Il faut d'ailleurs souligner les difficultés auxquelles se heurte le FBI à cet égard, puisque avant leur passage à l'acte, plusieurs des terroristes impliqués à Boston, Garland ou Orlando avaient déjà été auditionnés.

Peut-on craindre une augmentation de ces attaques?
Tous ceux qui travaillent sur ces questions rivalisent effectivement de pessimisme.
Au-delà de la considération liée aux difficultés actuelles de l'État Islamique sur le terrain, à la fois sur le front Syrio-Irakien et sur le sol Libyen, différends faits précis ont été mis en avant par les responsables du renseignement civil et militaire ces derniers mois pour craindre une recrudescence des attaques sur nos territoires.
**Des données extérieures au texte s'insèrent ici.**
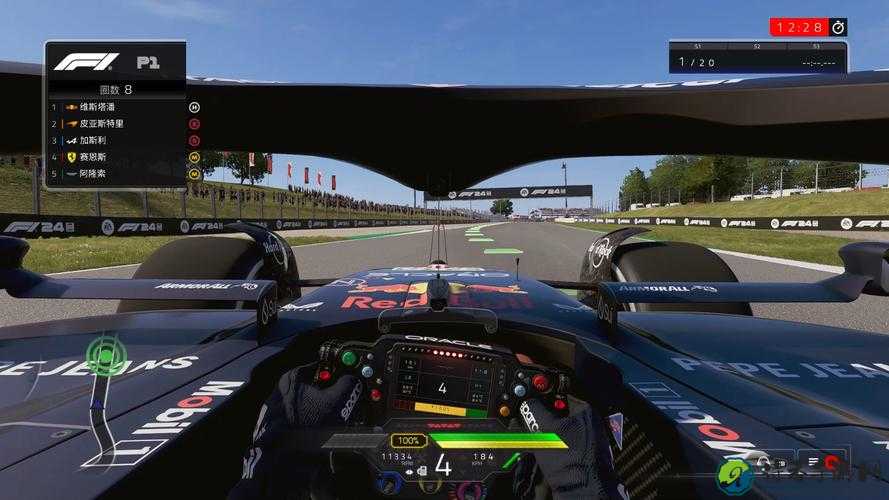 F1 2013全屏黑科技！三步轻松无痕开全屏，画面秒变电影院级！
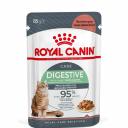 Royal Canin Digestive Care Влажный корм (пауч) для кошек с чувствительным пищеварением, тонкие ломтики в соусе, 85 гр. Royal Canin Digestive Care Влажный корм (пауч) для кошек с чувствительным пищеварением, тонкие ломтики в соусе, 85 гр.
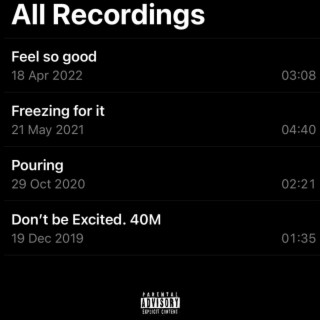 Don't be Excited lyrics | Boomplay Music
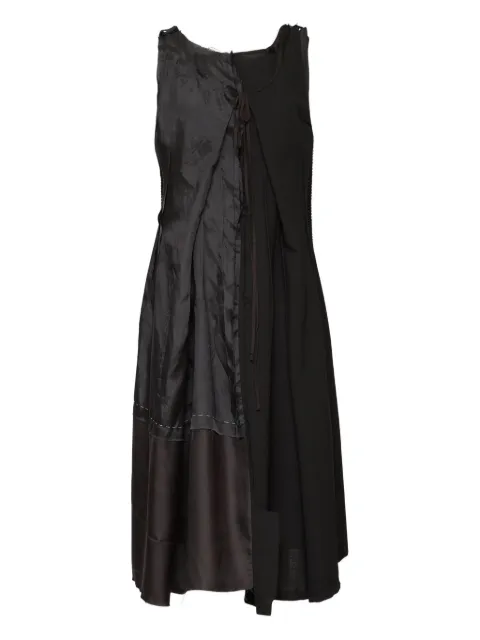 Maison Margiela virgin-wool midi dress Black S51DD0042MTN092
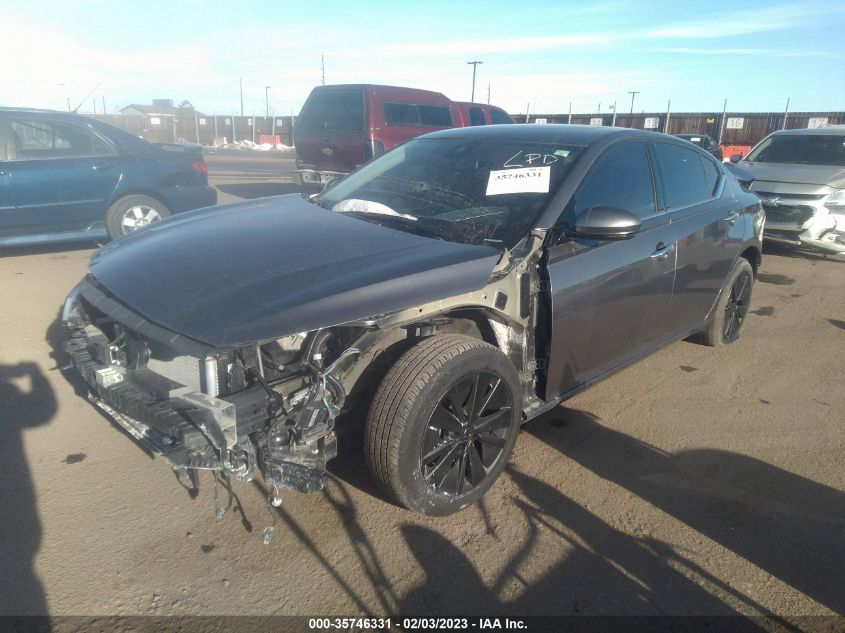 2022 NISSAN ALTIMA 2.5 SL VIN: 1N4BL4EW2NN309456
Différentes personnalités aussi qualifiées que le Général Breedlove, Commandant suprême des forces alliées en Europe s'exprimant devant la Commission de Défense du Sénat Américain le 2 mars 2016, ou encore Patrick Calvar, Directeur Général de la Sécurité Intérieure s'exprimant devant la Commission de la défense Nationale et des Forces Armées de l'Assemblée Nationale le 10 mai 2016, ont évoqué l'existence de cellules islamistes infiltrées en Europe, déjà mentionnées dans une note d'Europol du mois de janvier 2016. L'estimation du nombre d'individus concernés atteint plusieurs dizaines.
C'est dans ce contexte très dégradé que le message d'incitation à frapper les occidentaux pendant le ramadan a été émis par Al-Adnani le 26 mai dernier.
Il faut également ajouter que, de son côté, l'organisation Al-Qaïda a émis des messages similaires ; il n'est donc pas interdit de craindre des attaques «concurrentes» de ces deux organisations terroristes sur les terres occidentales dans les semaines qui viennent.
Pour ce qui concerne plus spécifiquement la France, il va de soit que la concentration de l'attention mondiale autour de l'Euro de football avec 24 équipes européennes, c'est-à-dire 24 délégations sportives et les milliers de supporters qui les accompagnent, constitue une cible de tout premier choix, tout comme le Tour de France qui va suivre.
C'est pourquoi, au-delà des mots d'ordre de tel ou de tel groupe terroriste, il est indispensable de comprendre que l'Occident est avant tout attaqué par des gens qui, quelles que soient leur organisation, sont mus par une idéologie de conquête: celle de l'Islam radical sunnite. Et les actes de terreurs menés depuis plusieurs mois, en Europe ou aux États-Unis pour promouvoir cette idéologie sont le plus souvent opérés par des personnes qui possèdent la nationalité du pays qu'elles attaquent. C'est dire le défi auquel l'Europe et les États-Unis sont confrontés s'inscrit donc dans la durée.